*YOUR INSTRUCTIONS*
Skip the pictures. Quote every line below, exactly, from the one with "Overhead view of" through the final line.

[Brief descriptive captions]
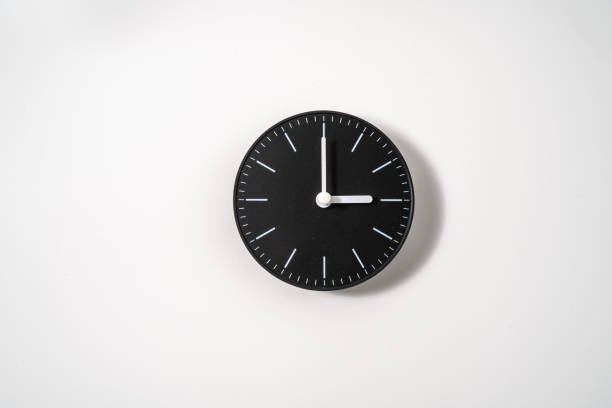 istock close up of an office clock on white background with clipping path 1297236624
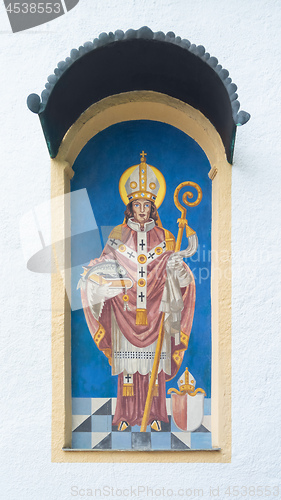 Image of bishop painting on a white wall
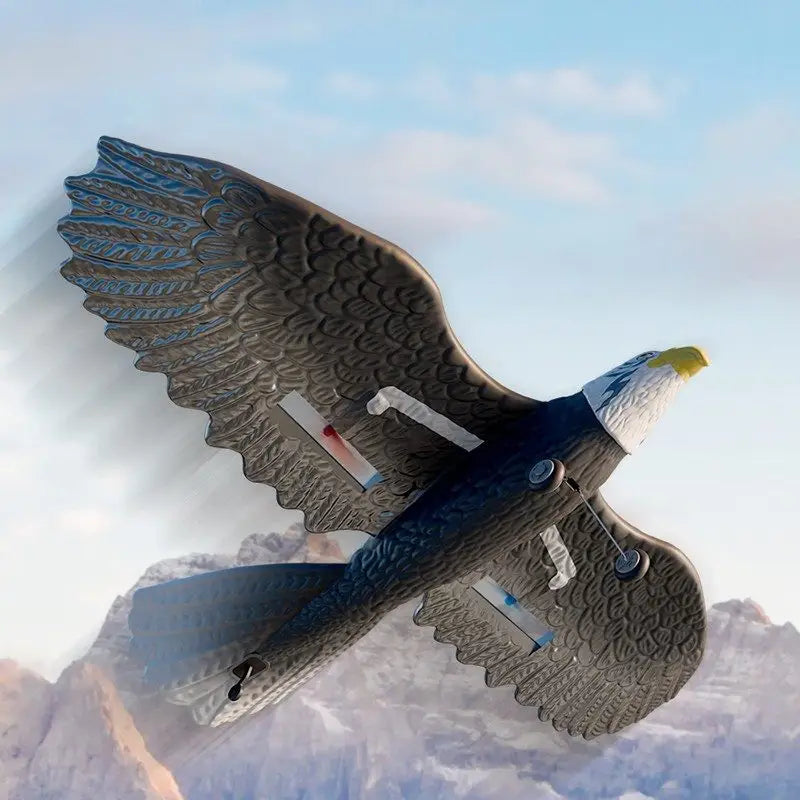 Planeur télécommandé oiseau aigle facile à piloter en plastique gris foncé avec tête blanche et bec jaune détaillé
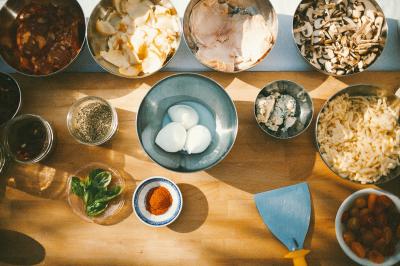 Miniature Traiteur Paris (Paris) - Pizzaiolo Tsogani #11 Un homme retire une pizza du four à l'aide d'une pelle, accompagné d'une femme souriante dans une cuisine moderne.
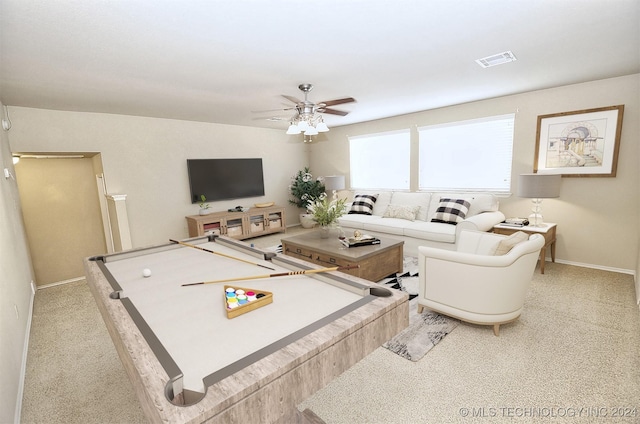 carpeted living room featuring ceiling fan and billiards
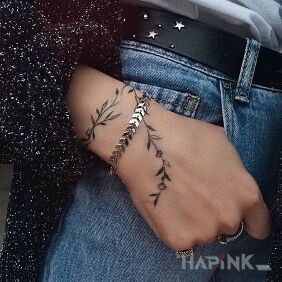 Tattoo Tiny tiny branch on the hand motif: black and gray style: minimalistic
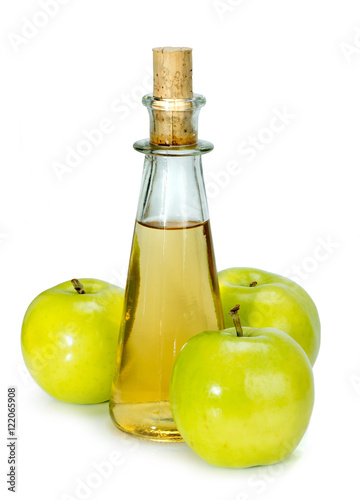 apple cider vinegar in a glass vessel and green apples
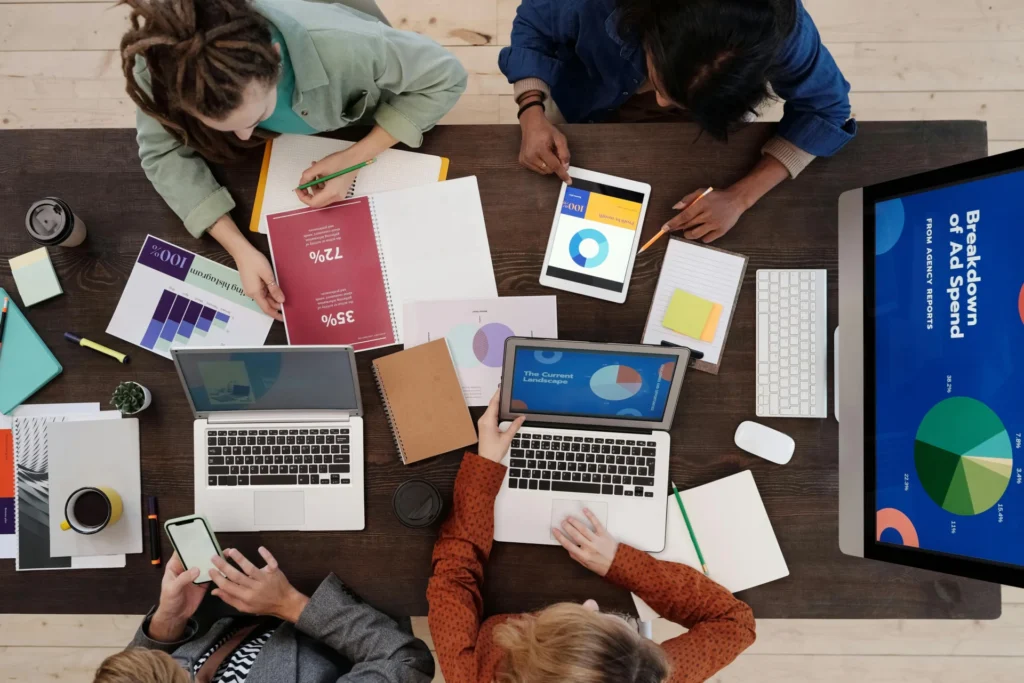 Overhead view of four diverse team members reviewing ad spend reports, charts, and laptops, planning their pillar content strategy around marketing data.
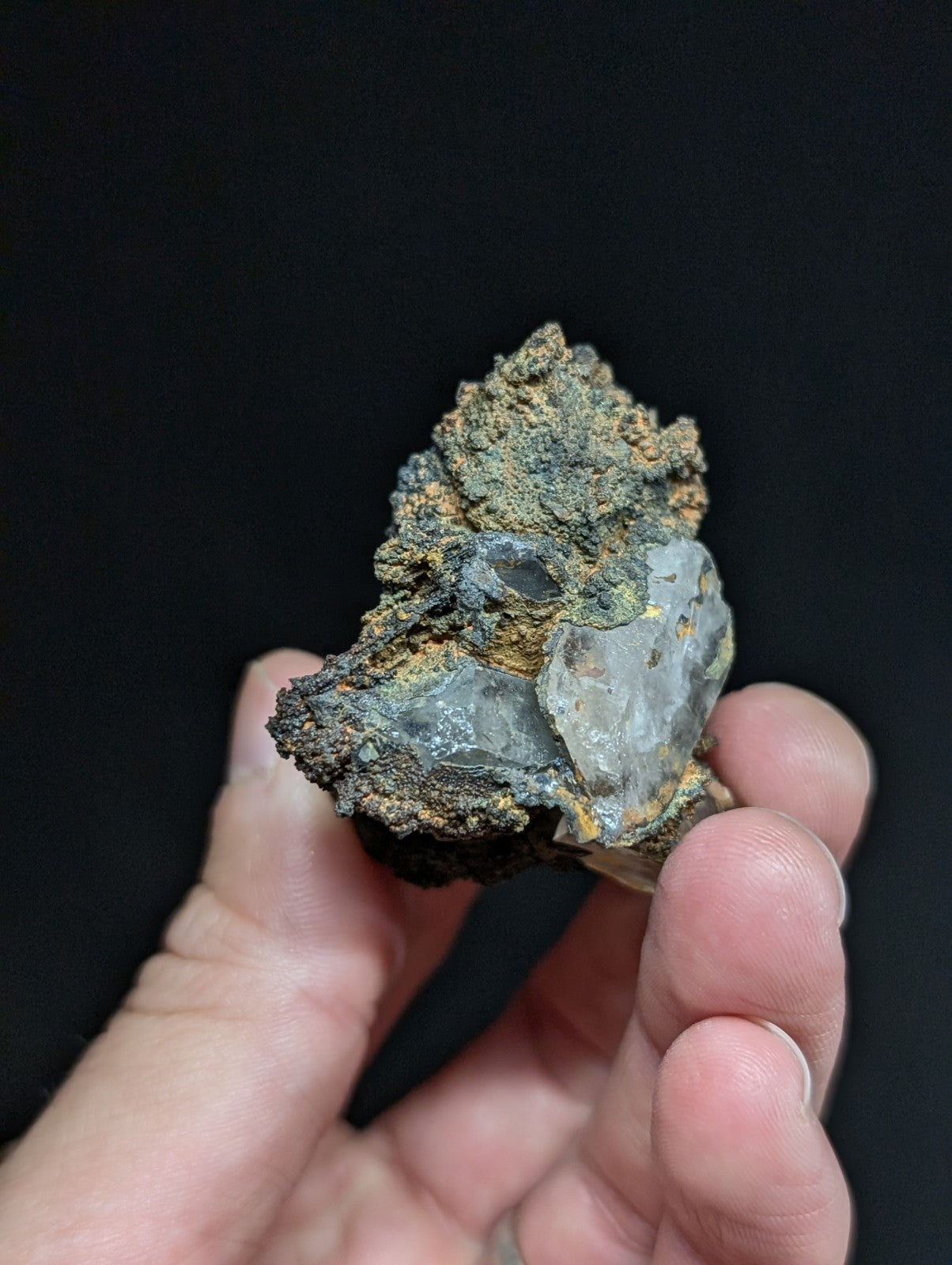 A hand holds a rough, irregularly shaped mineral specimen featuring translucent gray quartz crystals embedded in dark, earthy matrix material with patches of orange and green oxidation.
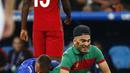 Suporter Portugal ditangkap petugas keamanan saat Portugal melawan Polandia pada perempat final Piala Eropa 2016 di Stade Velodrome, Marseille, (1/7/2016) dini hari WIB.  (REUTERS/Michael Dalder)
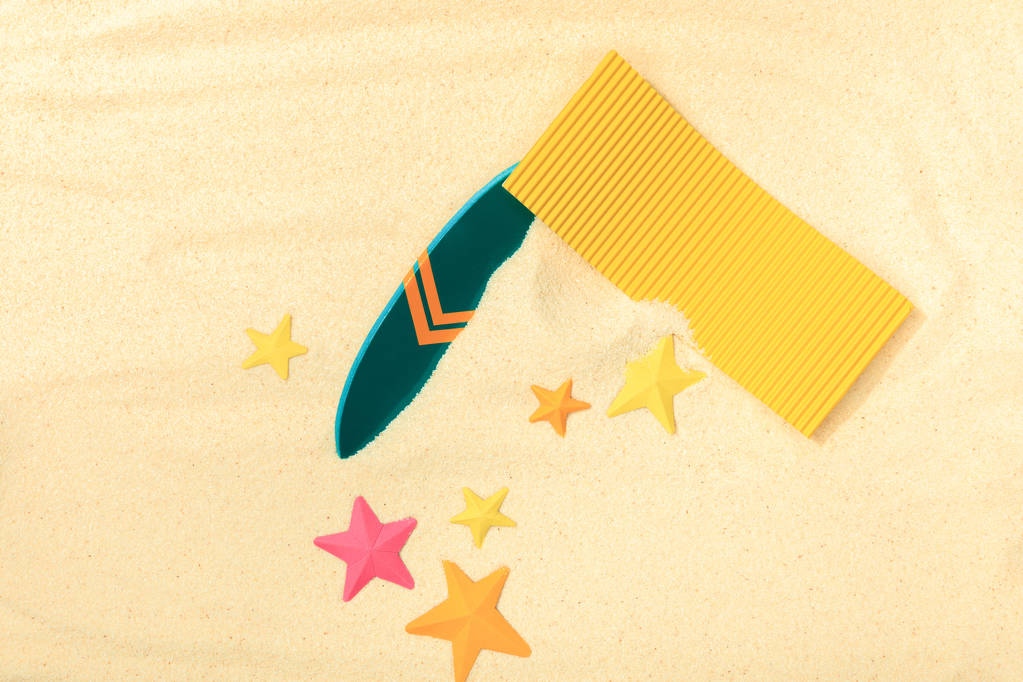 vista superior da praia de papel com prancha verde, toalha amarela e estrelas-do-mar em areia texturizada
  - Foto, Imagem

*PROBLEM SOLUTION*
 Overhead view of four diverse team members reviewing ad spend reports, charts, and laptops, planning their pillar content strategy around marketing data.
 A hand holds a rough, irregularly shaped mineral specimen featuring translucent gray quartz crystals embedded in dark, earthy matrix material with patches of orange and green oxidation.
 Suporter Portugal ditangkap petugas keamanan saat Portugal melawan Polandia pada perempat final Piala Eropa 2016 di Stade Velodrome, Marseille, (1/7/2016) dini hari WIB.  (REUTERS/Michael Dalder)
 vista superior da praia de papel com prancha verde, toalha amarela e estrelas-do-mar em areia texturizada
  - Foto, Imagem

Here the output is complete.